Os cargos que as mulheres não conseguem alcançar

Os cargos que as mulheres não conseguem alcançar


Cada vez há mais mulheres na política, mas no Dia Internacional da Mulher de 2019 os cargos mais importantes continuam a ser ocupados por homens. Portugal nunca teve uma mulher na presidência da República. As maiores autarquias do país também têm sido lideradas por homens


No dia 24 de julho de 1979, a manchete do “Diário de Lisboa” era uma pergunta: “Quantas mulheres vão para São Bento?”. Ainda na primeira página, o jornal anunciava que, para além de Maria de Lurdes Pintasilgo, o governo poderia vir a ser constituído por “algumas das mulheres da intelligentzia portuguesa numa experiência sem precedentes nos governos da República”.

Maria de Lourdes Pintasilgo, que foi indigitada pelo Presidente da República, Ramalho Eanes, foi até hoje a única mulher que exerceu o cargo de primeira-ministra em Portugal. Em 45 anos de democracia, aumentou bastante a participação das mulheres na vida política, mas alguns cargos cimeiros continuam a ser ocupados em exclusivo por homens. Nenhuma mulher chegou à presidência da República e apenas uma vez a presidência da Assembleia da República foi exercida por uma mulher. Curiosamente, Assunção Esteves, que exerceu o cargo entre 2011 e 2015, só foi eleita depois de os deputados terem chumbado duas vezes o nome de Fernando Nobre.

No poder local, o cenário também não é animador. As duas maiores câmaras do país, Lisboa e Porto, nunca tiveram uma mulher eleita como presidente. Dos 308 municípios do país, apenas 32 mulheres foram eleitas, nas últimas autárquicas, para a presidência.

“As coisas vão-se alterando, mas levam o seu tempo. Daqui a uns anos, quando houver mulheres na política já em paridade absoluta, o percurso fica com menos obstáculos.

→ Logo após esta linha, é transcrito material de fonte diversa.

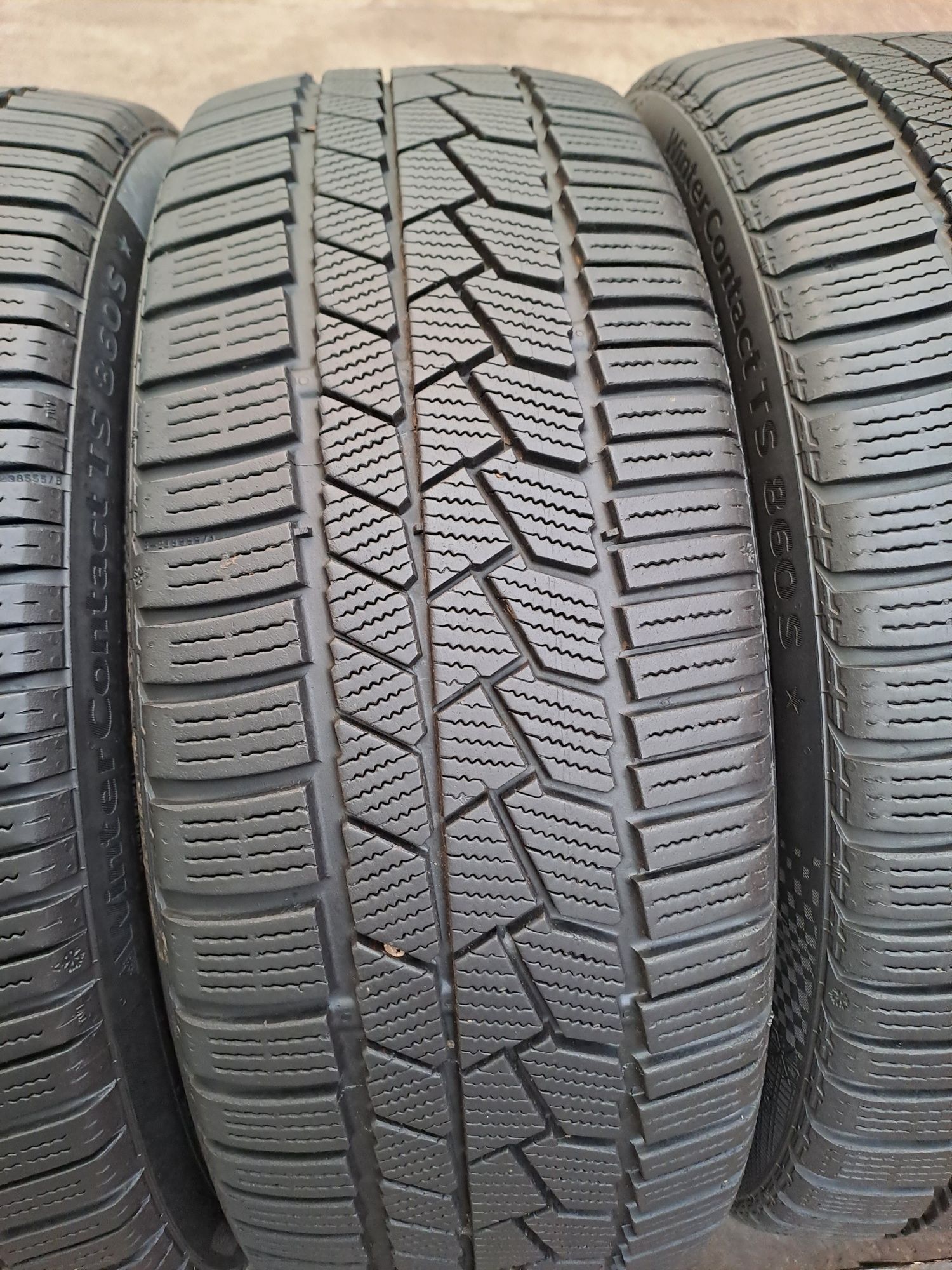 4бр. 205/45/18 Continental CWC TS 860 S: Почти Нови Зимни гуми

Há muitos obstáculos que se colocam quando as pessoas não estão nos percursos políticos que levam às lideranças e as mulheres não têm estado. Só mais recentemente é que começaram a entrar nesses espaços”, diz ao i Elza Pais, presidente das Mulheres Socialistas.

A também deputada socialista considera que “Portugal tem feito um percurso extraordinário que se deve, sobretudo, à adoção de leis positivas”, mas “as culturas políticas levam mais tempo a alterar-se do que as próprias leis e os obstáculos ainda são muitos”. Elza Pais realça que não basta as mulheres ocuparem determinados cargos, é preciso que tenham poder. Só há igualdade quando as mulheres participarem ativamente nos processos de decisão. “Queremos que as mulheres estejam nos processos políticos, mas que estejam com um poder igual ao dos homens”, diz a socialista.

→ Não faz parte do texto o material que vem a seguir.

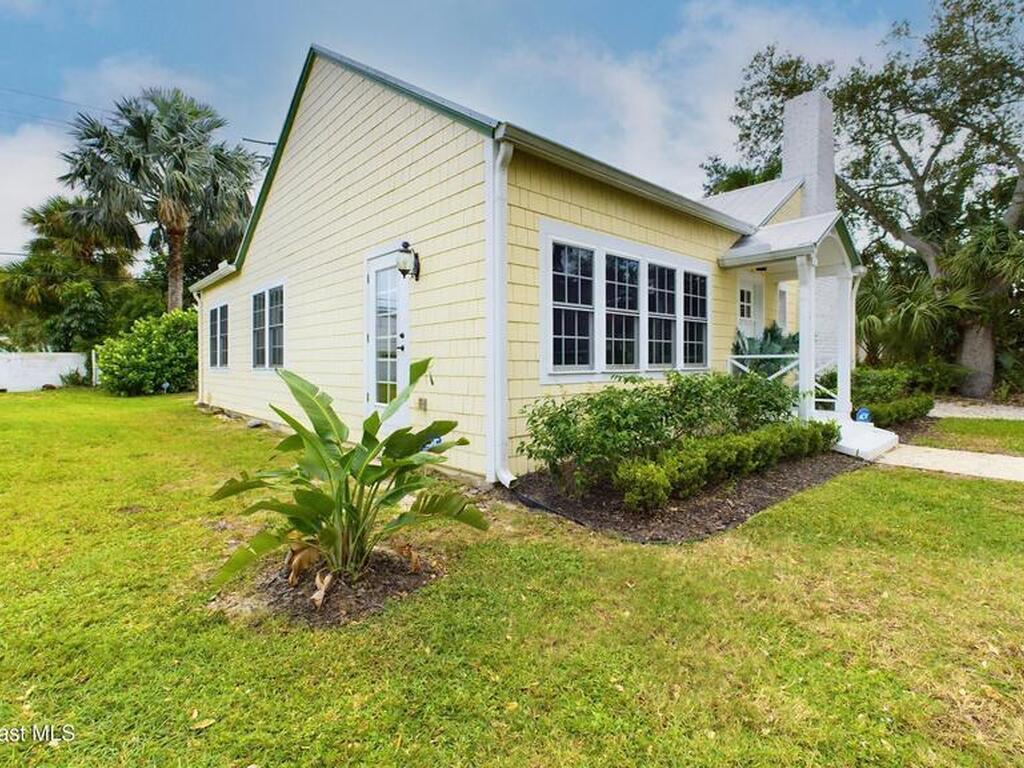 441 3rd Avenue, Indialantic, FL 32903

A boa notícia é que Portugal está acima da média da União Europeia em relação ao número de mulheres no governo e no parlamento. Contas feitas, o governo liderado por António Costa tem 17 ministros e cinco são mulheres.

No parlamento existe um equilíbrio maior, principalmente devido à lei da paridade, aprovada em 2006. Dos 230 deputados, 82 são mulheres e 148 são homens. O PSD tem 30 mulheres e 59 homens. Os socialistas 31 mulheres e 55 homens. PCP e Bloco têm seis mulheres no parlamento e o CDS oito.

As lideranças dos partidos também têm sido dominadas por homens. Foram precisos 34 anos de democracia para uma mulher chegar à liderança de um dos grandes partidos. Manuela Ferreira Leite venceu as eleições internas no PSD, em 2008, e tornou-se a primeira mulher a dirigir o PSD e um partido político. Catarina Martins, em 2012, e Assunção Cristas, em 2016, também chegaram à liderança dos seus partidos.

O PS e o PCP nunca tiveram uma mulher na liderança. “Não vejo, nas próximas gerações, a hipótese de uma mulher liderar o PS”, disse recentemente, em entrevista, Gabriela Canavilhas. A ex-deputada socialista referiu que o PS “é um partido de homens. Isso sente-se, no dia a dia, nas bancadas do grupo parlamentar e nas reuniões”.